PROVIDED RECORDS:
[Start of Attachment]

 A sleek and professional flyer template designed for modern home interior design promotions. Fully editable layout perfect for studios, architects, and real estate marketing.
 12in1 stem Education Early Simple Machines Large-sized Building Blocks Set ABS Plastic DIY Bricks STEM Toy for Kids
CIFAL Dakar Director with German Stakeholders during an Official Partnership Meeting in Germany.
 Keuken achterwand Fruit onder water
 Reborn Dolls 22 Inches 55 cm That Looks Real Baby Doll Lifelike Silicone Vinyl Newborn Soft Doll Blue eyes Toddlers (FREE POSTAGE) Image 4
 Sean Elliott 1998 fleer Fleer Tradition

[End of Attachment]
[Start of Attachment]

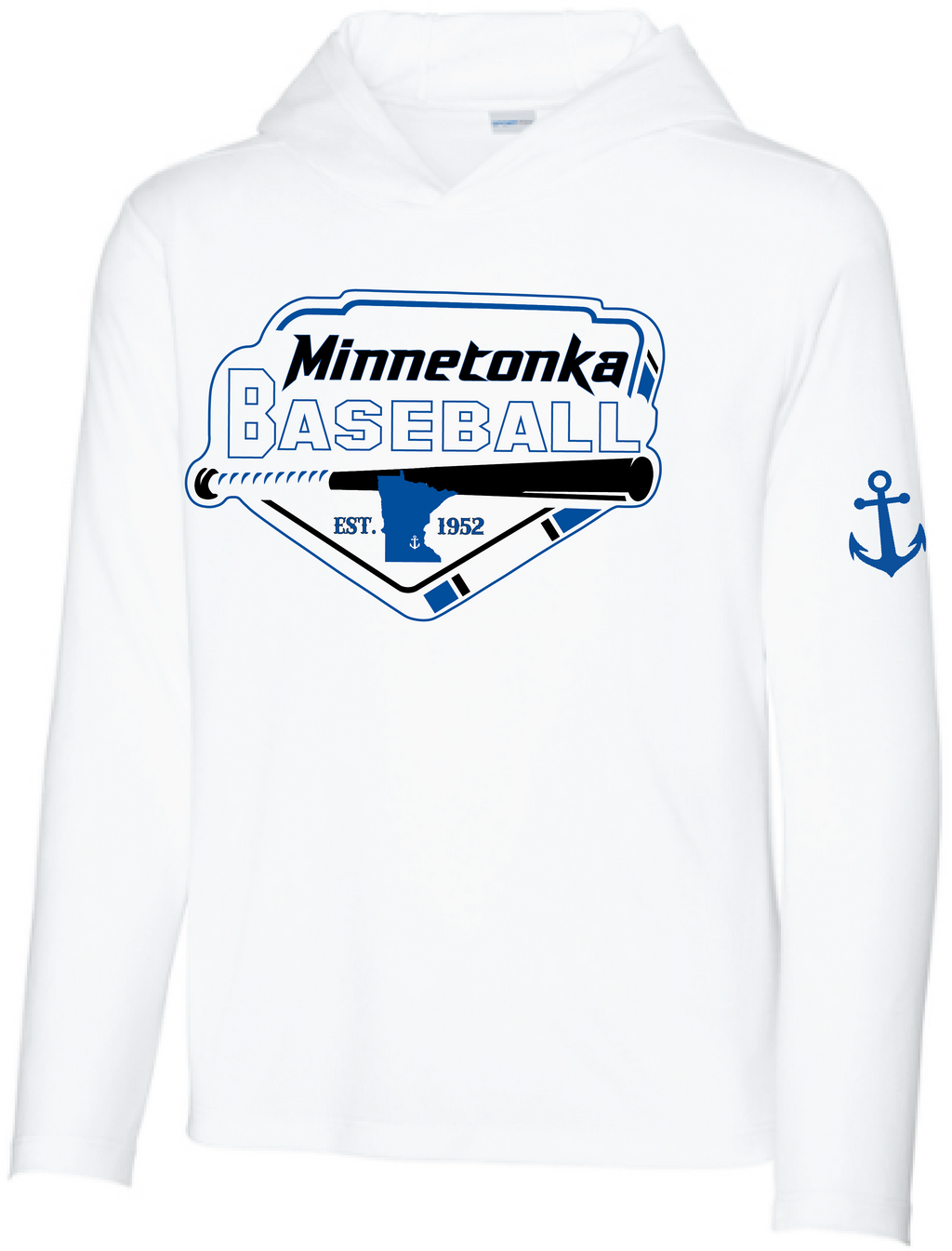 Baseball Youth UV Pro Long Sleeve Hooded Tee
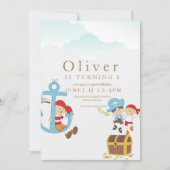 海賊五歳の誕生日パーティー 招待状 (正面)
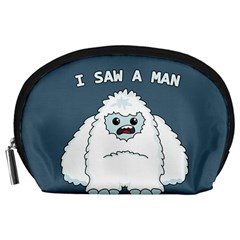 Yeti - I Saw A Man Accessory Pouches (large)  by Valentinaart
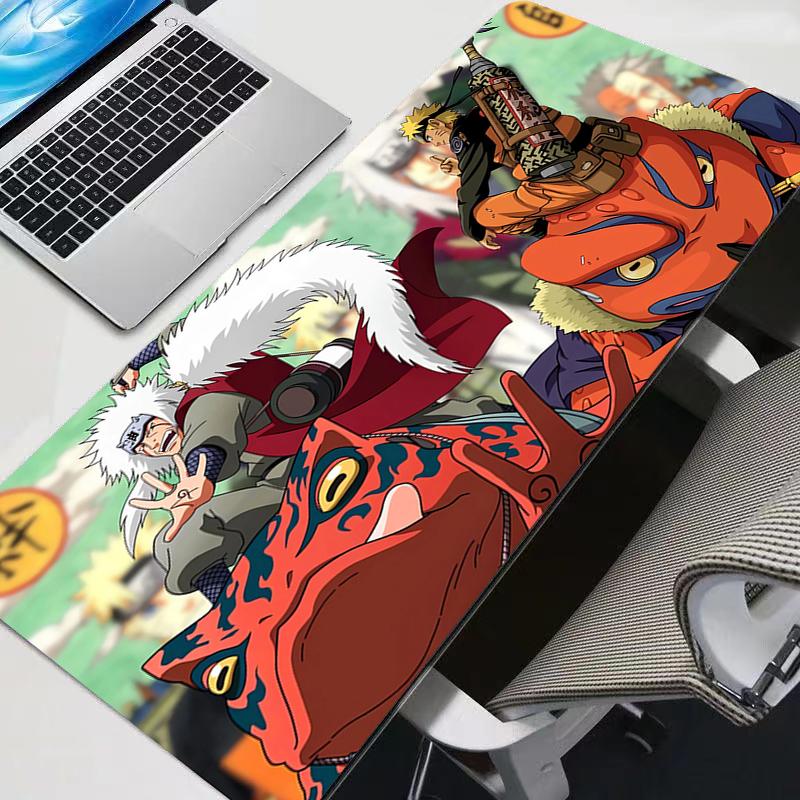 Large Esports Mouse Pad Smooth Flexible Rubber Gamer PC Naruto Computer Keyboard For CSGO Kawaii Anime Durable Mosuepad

[End of Attachment]
[Start of Attachment]

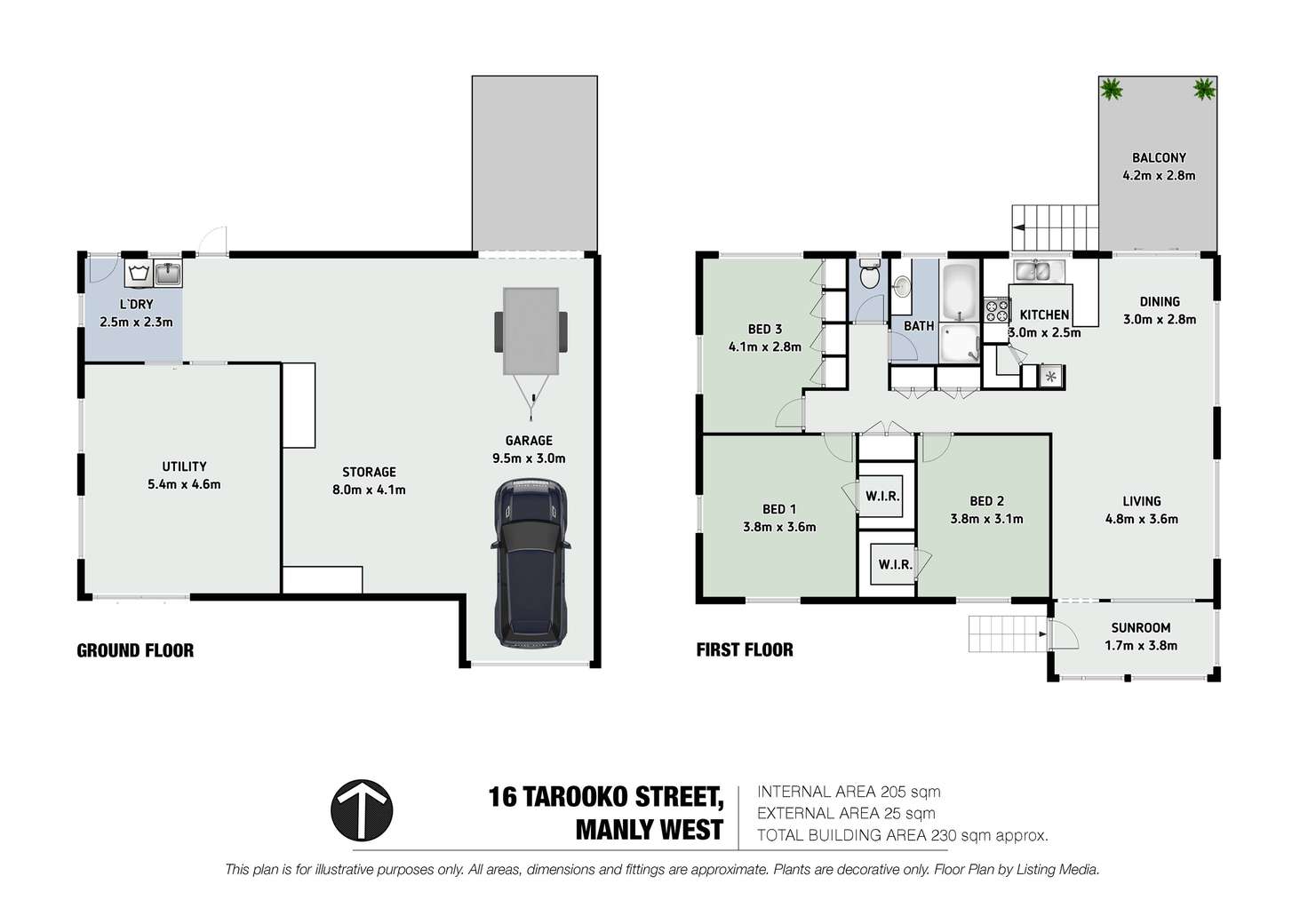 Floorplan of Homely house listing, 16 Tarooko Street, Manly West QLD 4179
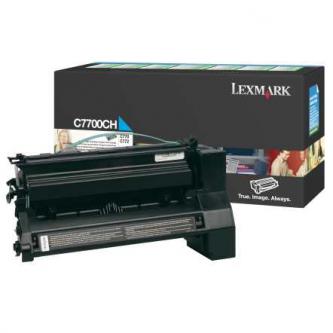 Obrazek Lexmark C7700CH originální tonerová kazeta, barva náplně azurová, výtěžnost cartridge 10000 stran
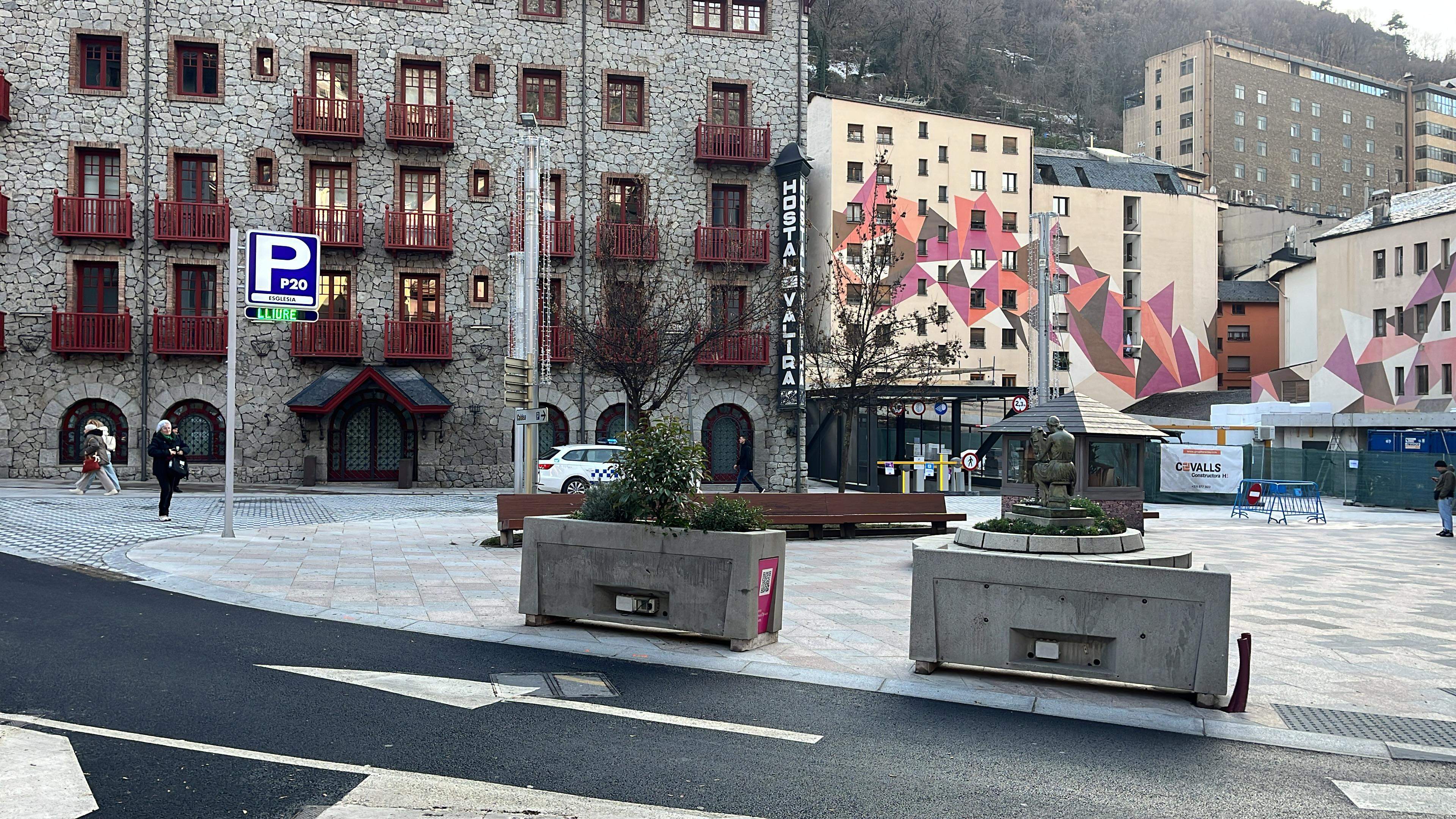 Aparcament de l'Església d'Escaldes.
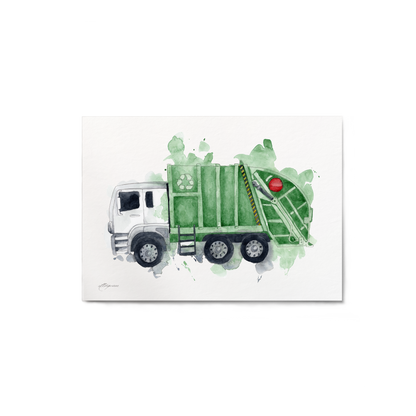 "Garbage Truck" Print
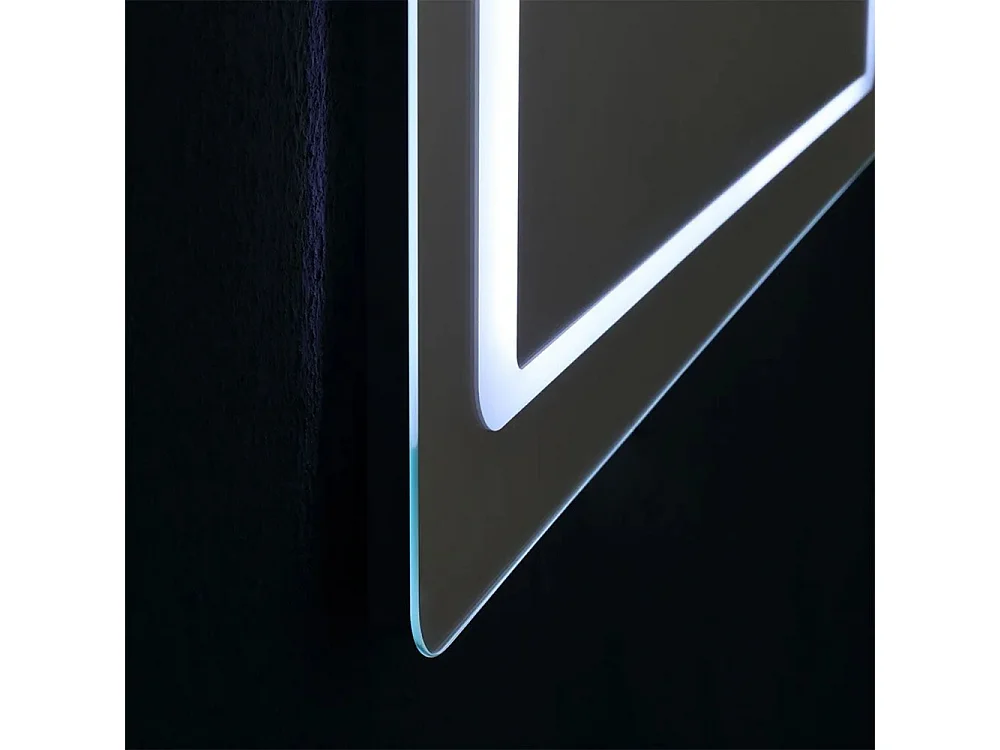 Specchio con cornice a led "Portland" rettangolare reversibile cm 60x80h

[End of Attachment]

WHAT YOU SHOULD DO: Return a word-for-word copy of the lines above from the one holding "A sleek and" through the one holding "Sean Elliott 1998 fleer Fleer Tradition", with both of them included and nothing besides.

RESPONSE AREA:
 A sleek and professional flyer template designed for modern home interior design promotions. Fully editable layout perfect for studios, architects, and real estate marketing.
 12in1 stem Education Early Simple Machines Large-sized Building Blocks Set ABS Plastic DIY Bricks STEM Toy for Kids
CIFAL Dakar Director with German Stakeholders during an Official Partnership Meeting in Germany.
 Keuken achterwand Fruit onder water
 Reborn Dolls 22 Inches 55 cm That Looks Real Baby Doll Lifelike Silicone Vinyl Newborn Soft Doll Blue eyes Toddlers (FREE POSTAGE) Image 4
 Sean Elliott 1998 fleer Fleer Tradition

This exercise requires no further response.